▶ _Exercise aim_
Only the lines from the line containing "Faux Pearl Earring" to the end of the records, both included, belong in the answer, copied exactly.

▶ _Records to process_
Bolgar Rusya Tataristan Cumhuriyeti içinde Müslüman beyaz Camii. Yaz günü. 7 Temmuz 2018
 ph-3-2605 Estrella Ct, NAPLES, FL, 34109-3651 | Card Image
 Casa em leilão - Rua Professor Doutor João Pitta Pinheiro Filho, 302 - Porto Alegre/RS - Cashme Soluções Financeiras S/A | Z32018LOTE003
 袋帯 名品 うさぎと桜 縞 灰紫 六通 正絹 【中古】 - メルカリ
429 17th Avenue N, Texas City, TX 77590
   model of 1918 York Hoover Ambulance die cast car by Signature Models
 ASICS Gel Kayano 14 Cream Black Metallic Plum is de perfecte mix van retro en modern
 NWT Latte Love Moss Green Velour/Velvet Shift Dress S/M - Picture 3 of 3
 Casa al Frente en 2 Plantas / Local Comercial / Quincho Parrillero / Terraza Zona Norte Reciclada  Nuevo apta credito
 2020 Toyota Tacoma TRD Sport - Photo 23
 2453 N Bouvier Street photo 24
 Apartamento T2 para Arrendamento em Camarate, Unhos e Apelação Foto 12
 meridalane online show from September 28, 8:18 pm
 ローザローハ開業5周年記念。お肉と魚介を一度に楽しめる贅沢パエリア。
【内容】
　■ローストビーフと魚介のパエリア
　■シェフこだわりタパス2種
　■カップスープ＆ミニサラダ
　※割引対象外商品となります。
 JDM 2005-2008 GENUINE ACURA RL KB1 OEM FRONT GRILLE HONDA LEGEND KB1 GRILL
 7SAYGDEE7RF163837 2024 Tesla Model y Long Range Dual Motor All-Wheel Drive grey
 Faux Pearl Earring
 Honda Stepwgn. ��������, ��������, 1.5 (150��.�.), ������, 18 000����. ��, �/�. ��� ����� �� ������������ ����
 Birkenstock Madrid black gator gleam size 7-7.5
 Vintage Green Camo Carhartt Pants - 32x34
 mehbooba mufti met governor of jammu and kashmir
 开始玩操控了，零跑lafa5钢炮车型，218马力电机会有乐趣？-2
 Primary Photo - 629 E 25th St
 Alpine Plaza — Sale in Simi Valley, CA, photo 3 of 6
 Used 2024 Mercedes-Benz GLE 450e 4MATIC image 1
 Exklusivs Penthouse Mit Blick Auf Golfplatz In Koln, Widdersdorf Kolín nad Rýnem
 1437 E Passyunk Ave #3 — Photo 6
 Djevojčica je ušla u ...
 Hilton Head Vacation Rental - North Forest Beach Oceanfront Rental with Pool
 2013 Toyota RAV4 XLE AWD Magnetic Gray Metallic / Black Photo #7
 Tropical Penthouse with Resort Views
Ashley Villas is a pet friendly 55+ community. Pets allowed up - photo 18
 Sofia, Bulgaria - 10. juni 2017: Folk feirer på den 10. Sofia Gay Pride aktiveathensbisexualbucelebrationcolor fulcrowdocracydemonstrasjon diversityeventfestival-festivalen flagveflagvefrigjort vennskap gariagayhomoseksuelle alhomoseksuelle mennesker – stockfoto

▶ _Exercise output_
 Faux Pearl Earring
 Honda Stepwgn. ��������, ��������, 1.5 (150��.�.), ������, 18 000����. ��, �/�. ��� ����� �� ������������ ����
 Birkenstock Madrid black gator gleam size 7-7.5
 Vintage Green Camo Carhartt Pants - 32x34
 mehbooba mufti met governor of jammu and kashmir
 开始玩操控了，零跑lafa5钢炮车型，218马力电机会有乐趣？-2
 Primary Photo - 629 E 25th St
 Alpine Plaza — Sale in Simi Valley, CA, photo 3 of 6
 Used 2024 Mercedes-Benz GLE 450e 4MATIC image 1
 Exklusivs Penthouse Mit Blick Auf Golfplatz In Koln, Widdersdorf Kolín nad Rýnem
 1437 E Passyunk Ave #3 — Photo 6
 Djevojčica je ušla u ...
 Hilton Head Vacation Rental - North Forest Beach Oceanfront Rental with Pool
 2013 Toyota RAV4 XLE AWD Magnetic Gray Metallic / Black Photo #7
 Tropical Penthouse with Resort Views
Ashley Villas is a pet friendly 55+ community. Pets allowed up - photo 18
 Sofia, Bulgaria - 10. juni 2017: Folk feirer på den 10. Sofia Gay Pride aktiveathensbisexualbucelebrationcolor fulcrowdocracydemonstrasjon diversityeventfestival-festivalen flagveflagvefrigjort vennskap gariagayhomoseksuelle alhomoseksuelle mennesker – stockfoto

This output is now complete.